January 2013. While watching the 800th college Bowl game and NFL football play-offs for the last two weekends, we have simultaneously been cleaning out the “wine info” shelves in the basement – throwing out years of labels, release notes, pre-printed envelopes and promotional material into the re-cycle bin. We had methodically saved all the extra labels from each vintage, both the expensive, lovingly hand-made labels created from hand-made paper on a letter press for the HL bottles, as well as the rolls of the commercial, pressure-sensitive front and back labels for the E II (prior to the 2007 vintages of both Sauvignon Blanc and Cabernet Sauvignon) and recent Two Old Dogs labels. You never know when a bottle would break and leak, or in California an earthquake may occur, and entire pallets of stained bottles would need to be re-labeled!
But while taking end of year/first of year inventory in our tiny Home/Library cellar of older vintages, we had to laugh at the idea that we would ever need more than a few dozen labels of each vintage, as that’s all the wine we ever have left! 4 bottles of the 2001 E II Cabernet Sauvignon (our first release of another wine besides the HL from our vineyard), 6 bottles of the 2001, etc.; 11 bottles of the 2005 E II Sauvignon Blanc (our first white wine release), 8 bottles of the 2006, etc.; 12 bottles of the 1997 HL Vineyards Cabernet Sauvignon (our first release and only 50 cases produced!), 14 of the next vintage, 18 of the next! Not enough to even collect dust!

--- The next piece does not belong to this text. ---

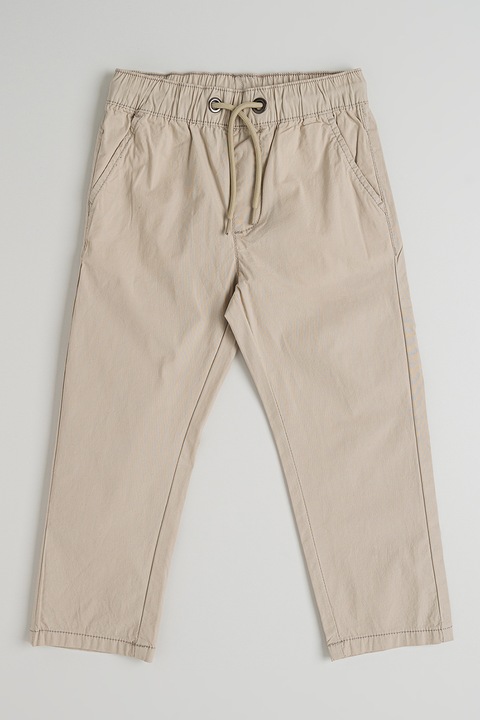 IDO, Húzózsinóros derekú normál fazonú nadrág, Drapp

Jennifer once worked, in the late 1970’s, for a tiny local winery whose owner was ecstatic when the last bottle of each vintage was finally sold, thrilled to be rid of the wine and have it sold out! My how times have changed. We have since learned, after our production finally grew to over 200 cases, to save 20 to 30 cases of each vintage (if we can catch it in time), so that we could have enough to re-release and create three or six bottle mini-verticals, years later, to offer to our best clients. It’s also fun to gather with other winemakers, as we did last summer, and taste through the last 8-10 vintages to see the effects of climate changes and the small tweaks made in winemaking which, with the underlying similarities from the same vineyard grape source, make each vintage truly unique.
So now we are happy to collect more wine and less labels, and, instead of paper memories collected in a box on the shelf, remember the vintage in a glass. Here’s to a New Year with less clutter and more wine!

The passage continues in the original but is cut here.